▶ Goal of the exercise: All that is wanted is an exact copy of the lines below, starting at the one that contains "Detail image of" and running to the end.

Extracted records:
▼

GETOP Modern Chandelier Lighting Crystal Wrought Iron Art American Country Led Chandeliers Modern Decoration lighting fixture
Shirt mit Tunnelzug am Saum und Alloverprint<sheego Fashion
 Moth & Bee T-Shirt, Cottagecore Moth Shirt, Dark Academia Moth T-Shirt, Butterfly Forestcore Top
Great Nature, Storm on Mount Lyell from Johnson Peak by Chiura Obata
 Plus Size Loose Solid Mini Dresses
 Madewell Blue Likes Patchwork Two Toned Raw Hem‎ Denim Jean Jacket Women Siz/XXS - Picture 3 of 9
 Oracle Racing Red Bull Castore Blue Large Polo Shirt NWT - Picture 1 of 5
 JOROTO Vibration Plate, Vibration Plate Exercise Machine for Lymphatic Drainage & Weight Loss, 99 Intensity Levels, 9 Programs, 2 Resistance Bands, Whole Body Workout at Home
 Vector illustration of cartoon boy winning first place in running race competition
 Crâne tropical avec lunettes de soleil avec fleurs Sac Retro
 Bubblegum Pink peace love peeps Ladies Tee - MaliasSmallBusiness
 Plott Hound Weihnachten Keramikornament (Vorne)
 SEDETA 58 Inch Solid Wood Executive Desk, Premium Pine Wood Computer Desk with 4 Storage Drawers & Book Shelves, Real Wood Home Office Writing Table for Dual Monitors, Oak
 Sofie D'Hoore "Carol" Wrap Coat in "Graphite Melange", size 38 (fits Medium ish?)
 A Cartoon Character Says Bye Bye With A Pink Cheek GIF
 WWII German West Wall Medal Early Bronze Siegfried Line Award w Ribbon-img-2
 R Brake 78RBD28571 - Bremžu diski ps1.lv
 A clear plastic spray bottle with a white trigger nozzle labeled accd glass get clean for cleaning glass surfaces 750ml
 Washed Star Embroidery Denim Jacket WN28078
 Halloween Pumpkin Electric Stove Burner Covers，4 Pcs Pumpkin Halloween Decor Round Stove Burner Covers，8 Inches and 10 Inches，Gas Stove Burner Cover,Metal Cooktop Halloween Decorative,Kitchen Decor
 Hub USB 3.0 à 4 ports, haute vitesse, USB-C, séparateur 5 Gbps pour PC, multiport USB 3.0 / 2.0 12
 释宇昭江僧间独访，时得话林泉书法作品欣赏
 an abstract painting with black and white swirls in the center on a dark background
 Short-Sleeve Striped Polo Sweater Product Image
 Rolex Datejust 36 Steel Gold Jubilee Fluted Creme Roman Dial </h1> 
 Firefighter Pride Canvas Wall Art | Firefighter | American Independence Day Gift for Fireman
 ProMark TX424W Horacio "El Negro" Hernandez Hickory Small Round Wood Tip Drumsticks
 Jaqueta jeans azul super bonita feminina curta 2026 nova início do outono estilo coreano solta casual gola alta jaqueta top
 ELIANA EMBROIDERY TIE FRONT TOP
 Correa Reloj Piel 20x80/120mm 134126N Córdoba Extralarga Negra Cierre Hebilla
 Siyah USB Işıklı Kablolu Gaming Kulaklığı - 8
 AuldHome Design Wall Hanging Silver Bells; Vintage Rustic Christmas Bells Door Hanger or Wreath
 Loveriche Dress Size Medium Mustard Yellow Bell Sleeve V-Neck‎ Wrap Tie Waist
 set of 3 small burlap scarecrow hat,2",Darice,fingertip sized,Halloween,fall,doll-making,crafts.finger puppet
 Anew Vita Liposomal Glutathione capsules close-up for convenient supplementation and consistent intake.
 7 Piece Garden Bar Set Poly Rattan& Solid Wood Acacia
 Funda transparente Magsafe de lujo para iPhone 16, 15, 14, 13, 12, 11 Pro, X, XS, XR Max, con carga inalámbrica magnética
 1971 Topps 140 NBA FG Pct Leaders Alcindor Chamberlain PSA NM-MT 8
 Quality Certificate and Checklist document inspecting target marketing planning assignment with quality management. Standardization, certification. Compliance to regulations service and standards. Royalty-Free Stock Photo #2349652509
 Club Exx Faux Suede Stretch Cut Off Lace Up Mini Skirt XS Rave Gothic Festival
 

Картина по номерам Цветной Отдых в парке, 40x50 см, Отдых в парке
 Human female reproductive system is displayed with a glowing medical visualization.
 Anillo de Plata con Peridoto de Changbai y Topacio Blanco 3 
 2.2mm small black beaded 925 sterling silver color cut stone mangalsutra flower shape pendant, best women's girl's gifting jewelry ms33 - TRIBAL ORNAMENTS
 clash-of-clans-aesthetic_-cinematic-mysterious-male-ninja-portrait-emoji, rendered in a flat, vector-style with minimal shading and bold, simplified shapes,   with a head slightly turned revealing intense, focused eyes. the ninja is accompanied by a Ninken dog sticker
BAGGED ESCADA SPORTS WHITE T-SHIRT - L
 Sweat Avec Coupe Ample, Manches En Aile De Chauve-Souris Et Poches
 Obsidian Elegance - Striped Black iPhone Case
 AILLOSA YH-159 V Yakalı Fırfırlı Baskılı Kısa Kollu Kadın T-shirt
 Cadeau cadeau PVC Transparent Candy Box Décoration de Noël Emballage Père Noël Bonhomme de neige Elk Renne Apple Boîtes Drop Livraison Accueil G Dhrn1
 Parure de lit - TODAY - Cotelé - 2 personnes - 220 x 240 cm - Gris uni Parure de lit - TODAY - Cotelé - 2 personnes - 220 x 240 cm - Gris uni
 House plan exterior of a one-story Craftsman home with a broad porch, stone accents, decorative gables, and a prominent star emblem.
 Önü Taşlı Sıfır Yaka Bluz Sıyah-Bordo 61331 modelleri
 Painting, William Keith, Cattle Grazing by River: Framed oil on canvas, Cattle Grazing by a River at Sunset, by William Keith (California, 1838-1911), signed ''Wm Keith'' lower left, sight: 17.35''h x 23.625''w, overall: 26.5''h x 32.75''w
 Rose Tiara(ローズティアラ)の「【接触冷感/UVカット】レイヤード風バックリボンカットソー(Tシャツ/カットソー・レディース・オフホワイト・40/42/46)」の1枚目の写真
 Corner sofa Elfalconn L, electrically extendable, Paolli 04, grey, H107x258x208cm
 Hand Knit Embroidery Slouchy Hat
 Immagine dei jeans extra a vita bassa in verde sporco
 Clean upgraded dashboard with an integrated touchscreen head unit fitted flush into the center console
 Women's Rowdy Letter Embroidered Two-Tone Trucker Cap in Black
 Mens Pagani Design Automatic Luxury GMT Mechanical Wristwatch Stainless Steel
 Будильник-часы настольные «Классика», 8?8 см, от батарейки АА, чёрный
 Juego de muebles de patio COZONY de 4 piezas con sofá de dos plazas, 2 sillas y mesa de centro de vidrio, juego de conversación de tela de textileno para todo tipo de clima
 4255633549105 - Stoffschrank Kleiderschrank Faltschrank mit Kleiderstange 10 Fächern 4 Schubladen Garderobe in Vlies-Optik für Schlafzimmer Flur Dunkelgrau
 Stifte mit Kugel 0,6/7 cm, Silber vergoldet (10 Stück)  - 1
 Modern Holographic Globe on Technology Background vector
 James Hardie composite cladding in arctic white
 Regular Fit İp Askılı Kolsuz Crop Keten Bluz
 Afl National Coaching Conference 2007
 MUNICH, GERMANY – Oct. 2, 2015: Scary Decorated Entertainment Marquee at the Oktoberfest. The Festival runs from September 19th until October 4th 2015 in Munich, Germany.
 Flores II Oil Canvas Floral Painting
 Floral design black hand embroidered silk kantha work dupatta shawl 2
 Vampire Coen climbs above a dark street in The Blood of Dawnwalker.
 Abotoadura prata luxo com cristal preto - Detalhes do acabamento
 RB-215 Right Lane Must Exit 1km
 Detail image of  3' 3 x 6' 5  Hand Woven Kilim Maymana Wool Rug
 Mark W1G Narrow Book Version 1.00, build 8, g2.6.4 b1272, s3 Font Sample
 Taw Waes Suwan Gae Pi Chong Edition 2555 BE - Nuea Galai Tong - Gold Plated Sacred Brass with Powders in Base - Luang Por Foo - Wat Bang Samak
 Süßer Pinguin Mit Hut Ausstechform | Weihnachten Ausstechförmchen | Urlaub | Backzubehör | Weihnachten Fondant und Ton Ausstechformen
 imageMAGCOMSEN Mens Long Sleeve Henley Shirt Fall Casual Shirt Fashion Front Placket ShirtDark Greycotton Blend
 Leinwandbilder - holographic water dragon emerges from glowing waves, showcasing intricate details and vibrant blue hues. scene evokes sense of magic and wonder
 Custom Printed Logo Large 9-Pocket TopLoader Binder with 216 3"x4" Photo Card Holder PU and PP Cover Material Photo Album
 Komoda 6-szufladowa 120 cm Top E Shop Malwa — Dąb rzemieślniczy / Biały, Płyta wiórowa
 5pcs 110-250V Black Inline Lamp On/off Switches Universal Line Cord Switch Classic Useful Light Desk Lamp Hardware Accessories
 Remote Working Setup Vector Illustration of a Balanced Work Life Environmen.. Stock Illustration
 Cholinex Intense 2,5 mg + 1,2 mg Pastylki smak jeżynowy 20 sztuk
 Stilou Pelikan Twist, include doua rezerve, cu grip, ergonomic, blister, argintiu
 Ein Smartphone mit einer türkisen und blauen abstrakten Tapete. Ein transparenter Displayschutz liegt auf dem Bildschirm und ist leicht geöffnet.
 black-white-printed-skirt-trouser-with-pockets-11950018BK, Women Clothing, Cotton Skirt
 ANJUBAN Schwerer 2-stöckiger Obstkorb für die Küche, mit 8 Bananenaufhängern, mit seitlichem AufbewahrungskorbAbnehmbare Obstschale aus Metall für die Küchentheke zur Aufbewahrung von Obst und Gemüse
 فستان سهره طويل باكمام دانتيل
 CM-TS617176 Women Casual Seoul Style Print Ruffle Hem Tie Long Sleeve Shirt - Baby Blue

▲

▶ Answer box:
 Detail image of  3' 3 x 6' 5  Hand Woven Kilim Maymana Wool Rug
 Mark W1G Narrow Book Version 1.00, build 8, g2.6.4 b1272, s3 Font Sample
 Taw Waes Suwan Gae Pi Chong Edition 2555 BE - Nuea Galai Tong - Gold Plated Sacred Brass with Powders in Base - Luang Por Foo - Wat Bang Samak
 Süßer Pinguin Mit Hut Ausstechform | Weihnachten Ausstechförmchen | Urlaub | Backzubehör | Weihnachten Fondant und Ton Ausstechformen
 imageMAGCOMSEN Mens Long Sleeve Henley Shirt Fall Casual Shirt Fashion Front Placket ShirtDark Greycotton Blend
 Leinwandbilder - holographic water dragon emerges from glowing waves, showcasing intricate details and vibrant blue hues. scene evokes sense of magic and wonder
 Custom Printed Logo Large 9-Pocket TopLoader Binder with 216 3"x4" Photo Card Holder PU and PP Cover Material Photo Album
 Komoda 6-szufladowa 120 cm Top E Shop Malwa — Dąb rzemieślniczy / Biały, Płyta wiórowa
 5pcs 110-250V Black Inline Lamp On/off Switches Universal Line Cord Switch Classic Useful Light Desk Lamp Hardware Accessories
 Remote Working Setup Vector Illustration of a Balanced Work Life Environmen.. Stock Illustration
 Cholinex Intense 2,5 mg + 1,2 mg Pastylki smak jeżynowy 20 sztuk
 Stilou Pelikan Twist, include doua rezerve, cu grip, ergonomic, blister, argintiu
 Ein Smartphone mit einer türkisen und blauen abstrakten Tapete. Ein transparenter Displayschutz liegt auf dem Bildschirm und ist leicht geöffnet.
 black-white-printed-skirt-trouser-with-pockets-11950018BK, Women Clothing, Cotton Skirt
 ANJUBAN Schwerer 2-stöckiger Obstkorb für die Küche, mit 8 Bananenaufhängern, mit seitlichem AufbewahrungskorbAbnehmbare Obstschale aus Metall für die Küchentheke zur Aufbewahrung von Obst und Gemüse
 فستان سهره طويل باكمام دانتيل
 CM-TS617176 Women Casual Seoul Style Print Ruffle Hem Tie Long Sleeve Shirt - Baby Blue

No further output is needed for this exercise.